My partner of 18 months (we live together) has to travel over 20 hours drive from our home to his home town for the funeral of his brother who he has not spoken to for many years.
He is asking his adult children and younger child who lives with his mum to go for a drive down with him stating “they haven’t seen my family for a lot of years”.
May be selfish of me to think this but wouldn’t you want your family to meet your partner if you have a serious committed relationship?
Back story is he tends to do a lot of things with just his family whereas I ask him to come to everything my family has.
I don’t know how to bring it up with him that I would take time off and go if he asked me to.

Posted in:  Relationships & Marriage

6 Replies

Anon Imperfect Mum

I'd say 'I'll get leave and come to be with you'. Simple. If he doesn't want you there he'll tell you

like
Anon Imperfect Mum

Maybe his kids don’t like you or maybe he likes time with just them. Either way , speak to him and ask him. Tell him how you feel

like
Anon Imperfect Mum

Does he see him and his kids as ‘family’. If he doesn’t get on with his family that’s one reason - the kids don’t get dragged into that and he’s using the opportunity so he doesn’t have to go again cos they’ll want to see the kids. A funeral is also ugly, he may not want you there or he may know it’s not the time to introduce a new partner to family. It’s for the funeral and probably for him to support his family and make decisions and sort things out.

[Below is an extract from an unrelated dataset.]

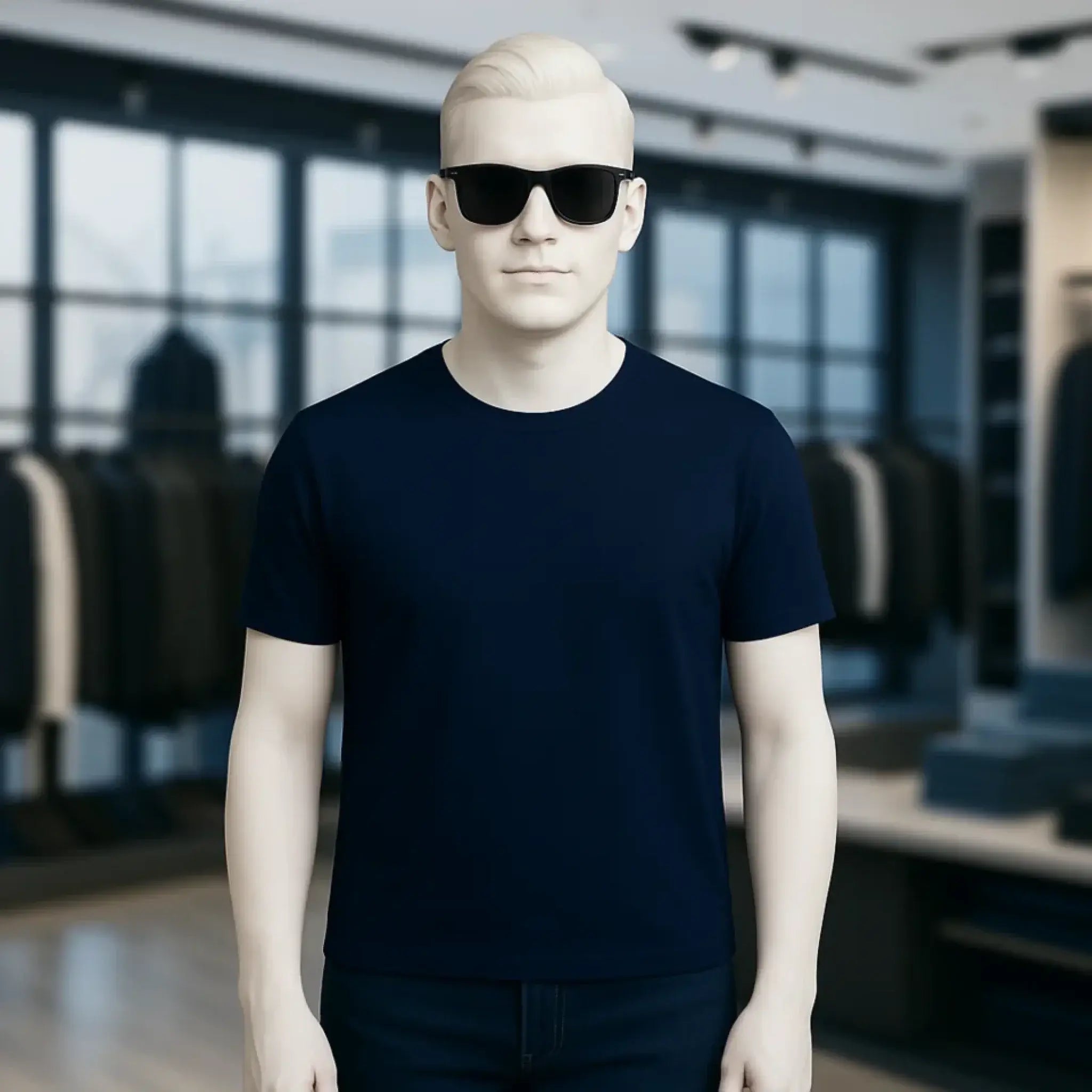 Schwarzes unisex premium t-shirt aus bio-baumwolle mit kurzem ärmel und rundhalsausschnitt für damen und herren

The kids will be a good company for the drive and a good out for him when he’s there and uncomfortable.

like
Anon Imperfect Mum

Would you going mean there wasn't enough room in the car? Even if he has 3 kids, 20 hours is a looong time to be squished in the back with 3 people if you went! I think just leave it, it's a funeral. No offence to you but I think all his relatives that he hardly sees would want to see his kids rather than his gf of 18 months. It's also hard to go away with adult kids as they have their own commitments so if he has that opportunity why not take it?

like
Anon Imperfect Mum

Personally, I don't think a funeral is the time or place to be introducing a new partner to the family. To me it's distasteful and not particularly considerate of people's grief. His children should definitely be there with him as well.
I also know I wouldn't want to be meeting my inlaws for the first time while they were mourning and at such a somber event. Very uncomfortable!

Another thing I can tell you from experience is that grieving someone you were estranged from is quite a mix of emotions, so perhaps doing the whole meet the family thing is something he just doesn't have the energy for right now. It's also possible he has a bit of a weird family dynamic, my brother and I have both been there - something that should be exciting is actually really stressful.

Express that you'd really love to meet his family soon but let him do the funeral how he sees fit.

like
Anon Imperfect Mum

I see my family 17hrs drive, just kids and I.
It sounds selfish but I can personally give all my attention to family and not worry about hubby and if he is ok.
Dads funeral hubby flew down for a couple of days for the actual funeral, but I worried about him being left out because he didn’t know anyone, family were not in the mood to get to know anyone.
Our oldest was 5 years old at the time so hubby had been around for a long time but I was the one who moved away.
The kids were a nice distraction for everyone.